| reviewed by Charles T. Markee | [more] [back] |
Sandlot (1993)
The storyline is all about baseball and the target for this film are those boys about six to ten years old, maybe some girls and all the adults who want to hang out with their kids or just vegetate after a hard day's work. The level of acting is puerile and reminiscent of Our Gang, vintage 1920s-30s-40s.
The plot begins when a new wimpy kid, Scotty Smalls (who is small of course), moves into the neighborhood and wants inclusion in the sandlot baseball games, but is initially rejected. He meets Benjamin Franklin Rodriguez who is foreshadowed as an important character, which is true throughout the story and also at the end. James Earl Jones has a cameo at the end as Mr. Mertle who owns a dog, "The Beast," the nemesis of the sandlot team.
Like the old Our Gang series, the kid's reactions are overemphasized and events are blown out of proportion. Some of this is valid and reflects the dramatization added to life by a kid's imagination. However the screenplay keeps repeating these outbursts so many times, they loose their impact. The few adults involved are depicted as caricatures, so, with the exception of Mr. Mertle, there's no grownup believability.
With some additional work, subtlety rather than hammer blows and attention to dramatic motivation for events, this could have been a much better film.

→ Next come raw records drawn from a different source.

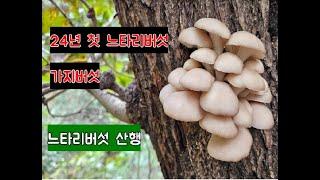 24년 첫 자연산 느타리버섯 가지버섯 검은비늘버섯 노루궁뎅이버섯 산행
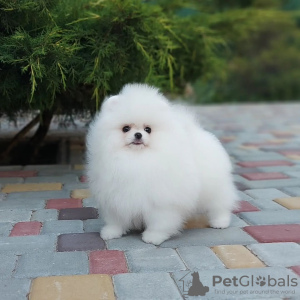 Photo №3. Wonderful puppies of Pomeranian spitz. Netherlands
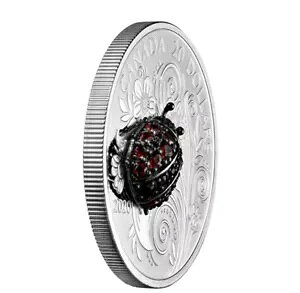 ΂΂߂WEbL̂ĂƂAubNTt@CAtAJi_ 1 IX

There is a moral message and some sly coaching in social skills, so it's a step up from those flat format cartoons.
For those interested, Our Gang: The Little Rascals was a series of 220 comedy short films produced from 1922 to 1944 plus one full-length feature called General Spanky that was produced in 1936. The series was extremely popular and it broke new ground in the cinema industry by casting boys, girls, whites and blacks in the same film. The series was later syndicated for television in the 1950s with the title, The Little Rascals.
Sandlot 2 (2005) has been released with a new cast of characters although James Lee Jones returns as Mr. Mertle.
Reviewed October 22, 2005 Copyright 2005 Charles T. Markee
Rated PG in other countries, probably due to insulting epithets.